§ Your goal: Every line of the data should be written out exactly, with the pictures left out.

§ Extracted entries:
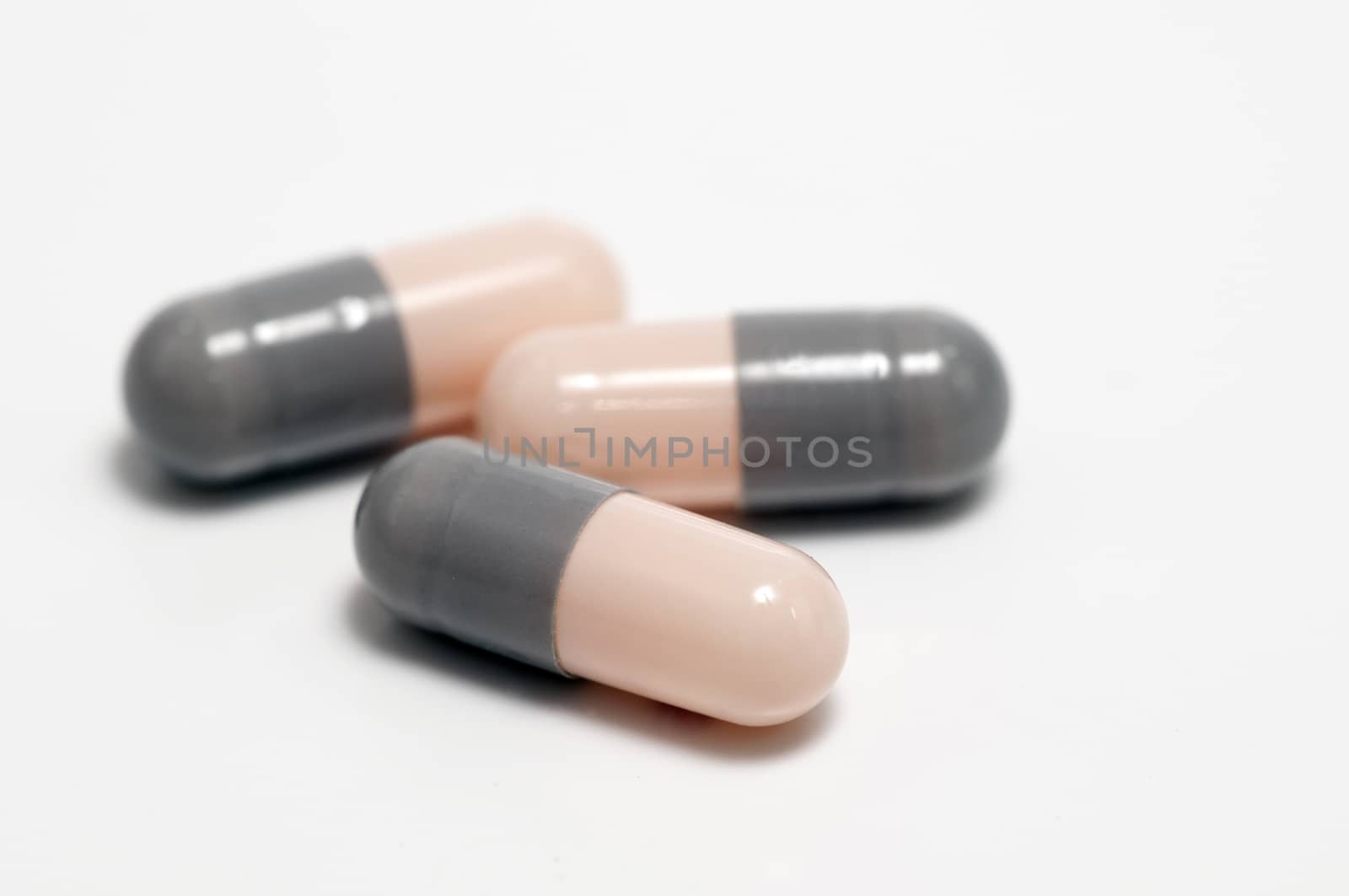 Three capsules or pills on white background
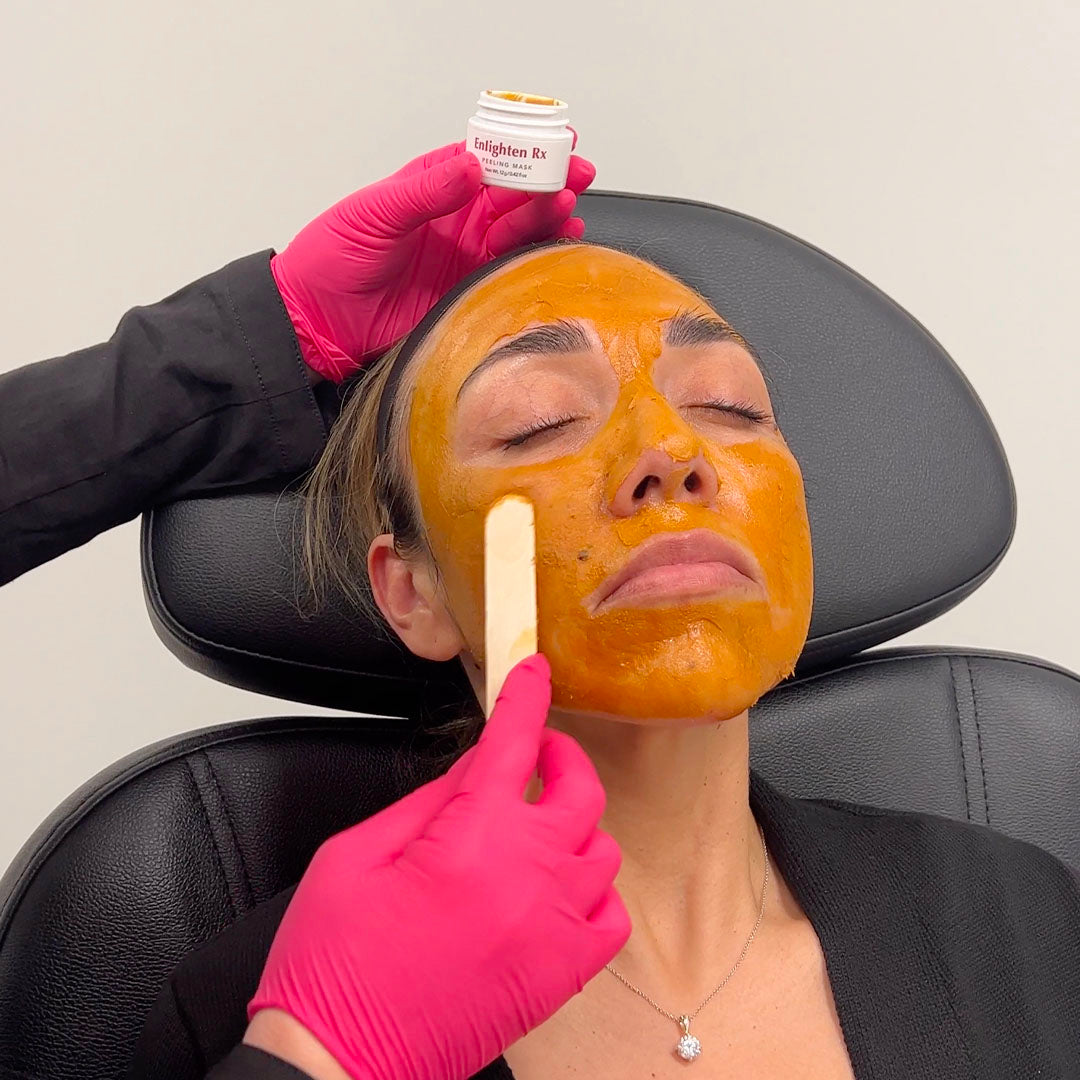 a photo of a patient receiving a chemical peel treatment to her face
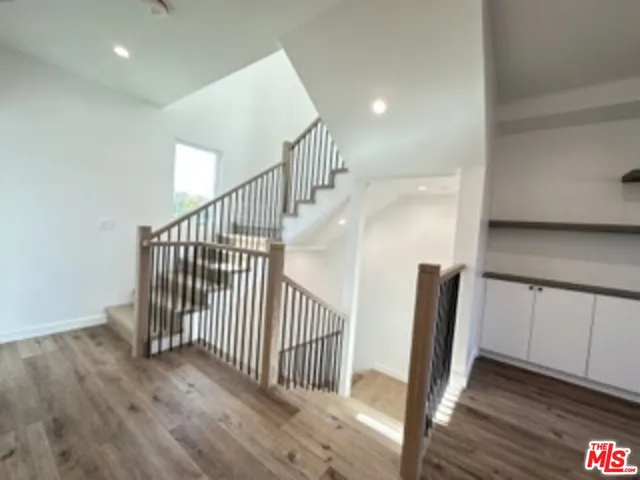 a view of entryway with wooden floor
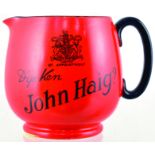 HAIGS PUB JUG. 4.25ins tall, external red glazed, black handled jug for JOHN HAIG? in black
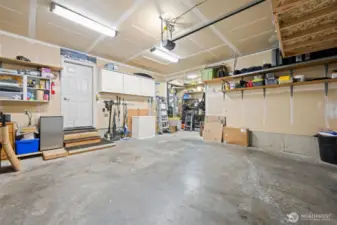 The garage features a generous workshop area, storage cabinets and lots of light.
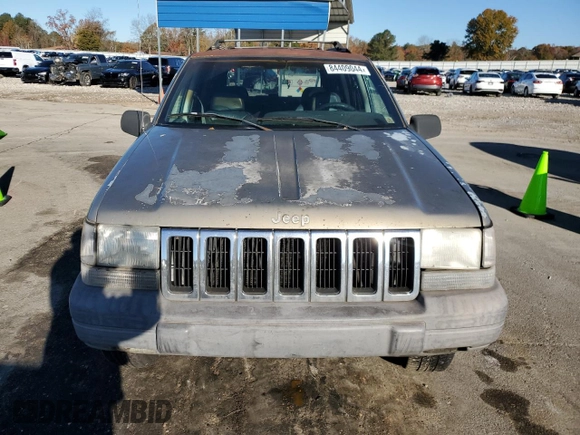 1997 Jeep Grand Cherokee TSi with VIN 1J4FX58S4VC516340, listed as a Copart auction lot 84409044 with 256,300 mi miles and Clean Title. Bid and sale history available at carsss.com. Image 5.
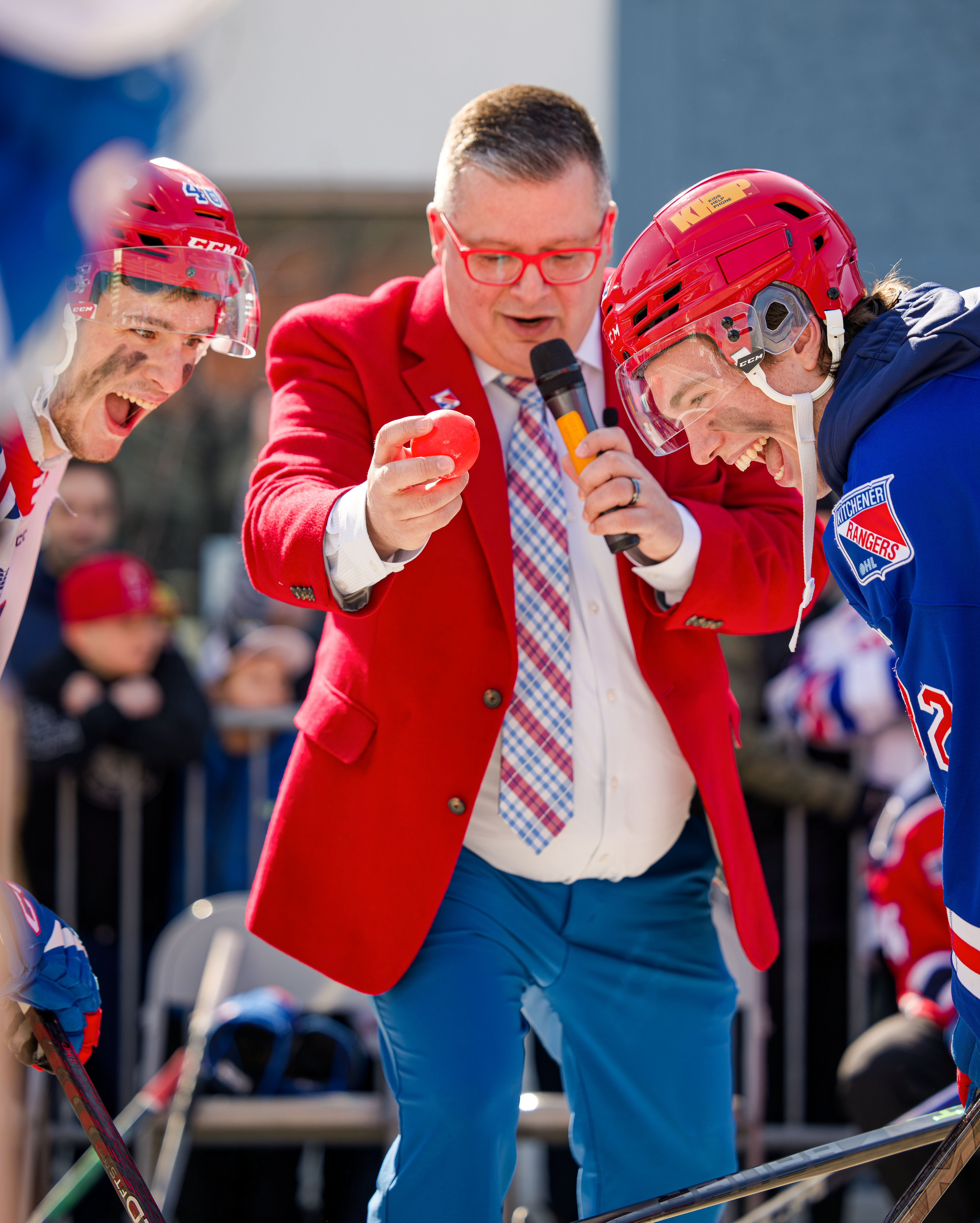 Two Kitchener Rangers hockey players face off on either edge of the image while an announcer drops a ball in the centre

§ Result for this task:
 Three capsules or pills on white background
 a photo of a patient receiving a chemical peel treatment to her face
 a view of entryway with wooden floor
 HAIGS PUB JUG. 4.25ins tall, external red glazed, black handled jug for JOHN HAIG? in black
 The garage features a generous workshop area, storage cabinets and lots of light.
 1997 Jeep Grand Cherokee TSi with VIN 1J4FX58S4VC516340, listed as a Copart auction lot 84409044 with 256,300 mi miles and Clean Title. Bid and sale history available at carsss.com. Image 5.
 Two Kitchener Rangers hockey players face off on either edge of the image while an announcer drops a ball in the centre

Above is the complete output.